#### Work task:
Below are some records. Return exactly the lines from the one containing "MEN BLACK PREMIUM FORMAL SHOES" through the one containing "New Compressor And", both included, and only those.

§ §

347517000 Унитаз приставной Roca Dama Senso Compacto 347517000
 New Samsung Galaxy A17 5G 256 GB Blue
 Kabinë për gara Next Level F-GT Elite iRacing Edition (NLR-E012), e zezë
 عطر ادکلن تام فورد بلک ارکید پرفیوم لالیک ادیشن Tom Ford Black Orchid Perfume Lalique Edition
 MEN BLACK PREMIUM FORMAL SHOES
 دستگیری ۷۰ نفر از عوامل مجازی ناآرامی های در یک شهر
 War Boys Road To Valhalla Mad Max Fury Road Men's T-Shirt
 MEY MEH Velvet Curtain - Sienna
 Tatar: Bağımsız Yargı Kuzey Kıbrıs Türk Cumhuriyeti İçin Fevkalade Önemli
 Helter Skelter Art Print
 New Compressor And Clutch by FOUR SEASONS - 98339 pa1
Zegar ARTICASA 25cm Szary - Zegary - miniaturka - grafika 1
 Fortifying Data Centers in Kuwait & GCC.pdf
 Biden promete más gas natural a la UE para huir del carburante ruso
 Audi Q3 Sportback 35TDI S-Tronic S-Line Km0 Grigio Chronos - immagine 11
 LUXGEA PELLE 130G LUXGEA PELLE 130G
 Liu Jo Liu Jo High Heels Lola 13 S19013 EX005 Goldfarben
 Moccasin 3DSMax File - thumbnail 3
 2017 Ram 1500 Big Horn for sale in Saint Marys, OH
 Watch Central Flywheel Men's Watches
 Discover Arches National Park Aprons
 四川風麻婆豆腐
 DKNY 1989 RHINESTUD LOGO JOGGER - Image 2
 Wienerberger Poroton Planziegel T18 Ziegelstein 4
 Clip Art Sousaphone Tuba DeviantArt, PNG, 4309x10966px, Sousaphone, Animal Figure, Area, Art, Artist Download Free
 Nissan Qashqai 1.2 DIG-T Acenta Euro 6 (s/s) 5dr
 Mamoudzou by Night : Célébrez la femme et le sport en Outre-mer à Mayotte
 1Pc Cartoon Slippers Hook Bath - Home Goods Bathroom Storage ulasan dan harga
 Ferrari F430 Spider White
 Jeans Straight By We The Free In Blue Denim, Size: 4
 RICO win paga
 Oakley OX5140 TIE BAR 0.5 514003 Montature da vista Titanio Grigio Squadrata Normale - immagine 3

§ §

#### Task response:
 MEN BLACK PREMIUM FORMAL SHOES
 دستگیری ۷۰ نفر از عوامل مجازی ناآرامی های در یک شهر
 War Boys Road To Valhalla Mad Max Fury Road Men's T-Shirt
 MEY MEH Velvet Curtain - Sienna
 Tatar: Bağımsız Yargı Kuzey Kıbrıs Türk Cumhuriyeti İçin Fevkalade Önemli
 Helter Skelter Art Print
 New Compressor And Clutch by FOUR SEASONS - 98339 pa1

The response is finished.